From: Al Viro <viro@ZenIV.linux.org.uk>
To: Christoph Hellwig <hch@infradead.org>
Cc: Dave Chinner <david@fromorbit.com>,
linux-fsdevel@vger.kernel.org, linux-kernel@vger.kernel.org
Subject: Re: [PATCH 16/21] fs: Protect inode->i_state with the inode->i_lock
Date: Sun, 24 Oct 2010 20:17:35 +0100 [thread overview]
Message-ID: <20101024191735.GU19804@ZenIV.linux.org.uk> (raw)
In-Reply-To: <20101024162131.GA23677@infradead.org>
On Sun, Oct 24, 2010 at 12:21:31PM -0400, Christoph Hellwig wrote:
> On Sun, Oct 24, 2010 at 10:13:10AM -0400, Christoph Hellwig wrote:
> > On Sat, Oct 23, 2010 at 10:37:52PM +0100, Al Viro wrote:
> > > * invalidate_inodes() - collect I_FREEING/I_WILL_FREE on a separate
> > > list, then (after we'd evicted the stuff we'd decided to evict) wait until
> > > they get freed by whatever's freeing them already.
> >
> > Note that we would only have to do this for the umount case.

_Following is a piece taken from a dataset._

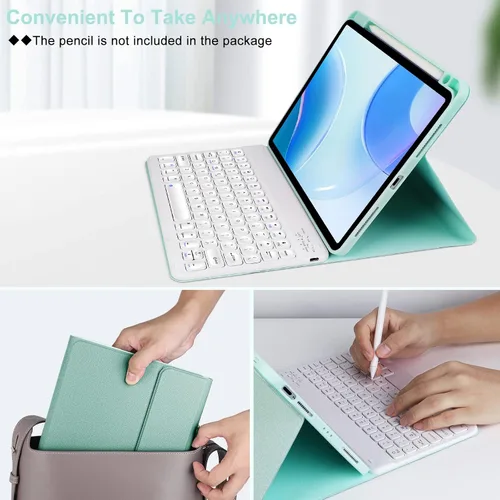 Vista 5 de Funda de teclado para iPad Pro11 "1ª/2ª/3ª/4ª generación con soporte para lápices, compatible con iPad Air4/Air5/Air de 11 pulgadas M2, teclado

For others
> > it's pretty pointless.
>
> Now that I've looked into it I think we basically fine right now.
>
> If we're in umount there should be no other I_FREEING inodes.
>
> - concurrent prune_icache is prevented by iprune_sem.
> - concurrent other invalidate_inodes should not happen because we're
> in unmount and the filesystem should not be reachable any more,
> and even if it did iprune_sem would protect us.
> - how could a concurrent iput_final happen? filesystem is not
> accessible anymore, and iput of fs internal inodes is single-threaded
> with the rest of the actual umount process.
>
> So just skipping over I_FREEING inodes here should be fine for
> non-umount callers, and for umount we could even do a WARN_ON.
FWIW, I think we should kill most of invalidate_inodes() callers. Look:
* call in generic_shutdown_super() is legitimate. The first one,
that is. The second should be replaced with check for ->s_list being
non-empty. Note that after the first pass we should have kicked out
everything with zero i_count. Everything that gets dropped to zero
i_count after that (i.e. during ->put_super()) will be evicted immediately
and won't stay. I.e. the second call will evict *nothing*; it's just
an overblown way to check if there are any inodes left.
* call in ext2_remount() is hogwash - we do that with at least
root inode pinned down, so it will fail, along with the remount attempt.
* ntfs_fill_super() call - no-op. MS_ACTIVE hasn't been set
yet, so there will be no inodes with zero i_count sitting around.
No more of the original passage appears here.